What you should do:
Transcribe each entry below exactly. Pictures do not go in the copy.

┌────────

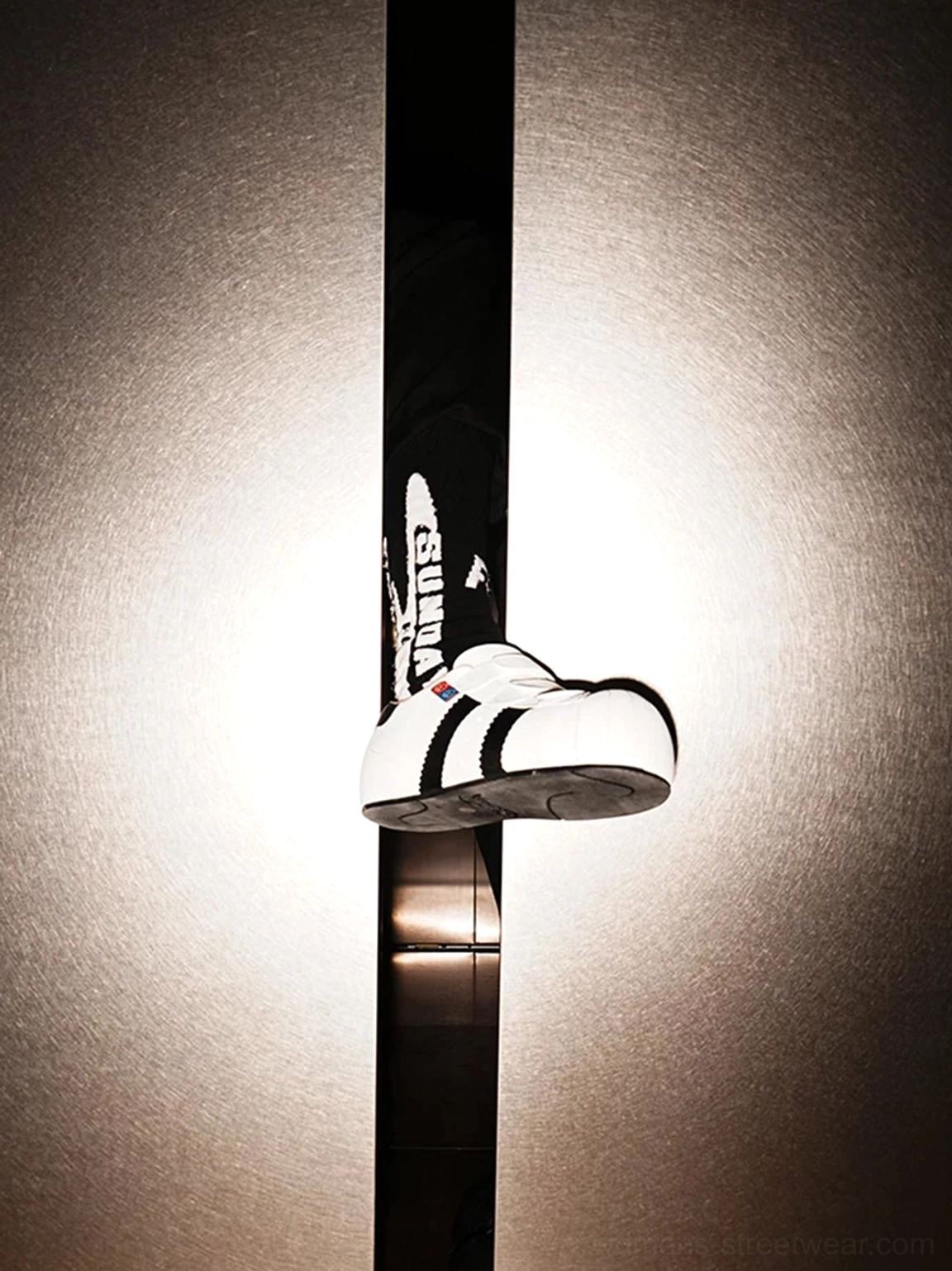 White low-top shell toe sneakers with adjustable straps and black side stripe displayed in a spotlight setting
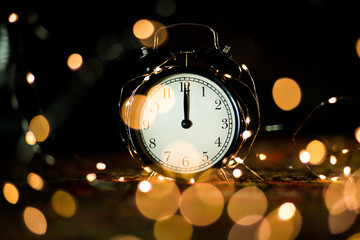 Fototapeta na wymiar alarm clock on the eve of the holiday shrouded in garland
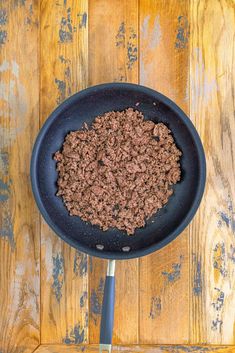 a frying pan filled with ground beef on top of a wooden table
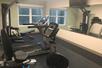 A small fitness center with a couple pieces of cardio equipment and a weights machines in front of a large mirror and a window on the far wall.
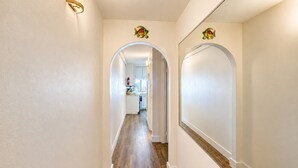 Un couloir aux murs blancs, doté d’un plancher en bois, et d’où l’on aperçoit une cuisine à travers une arche.
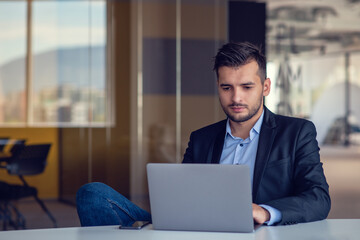 Portrait of worried young man at workplace. Stress concept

└────────

Solution for this exercise:
 White low-top shell toe sneakers with adjustable straps and black side stripe displayed in a spotlight setting
 Fototapeta na wymiar alarm clock on the eve of the holiday shrouded in garland
 a frying pan filled with ground beef on top of a wooden table
 A small fitness center with a couple pieces of cardio equipment and a weights machines in front of a large mirror and a window on the far wall.
 Un couloir aux murs blancs, doté d’un plancher en bois, et d’où l’on aperçoit une cuisine à travers une arche.
 Portrait of worried young man at workplace. Stress concept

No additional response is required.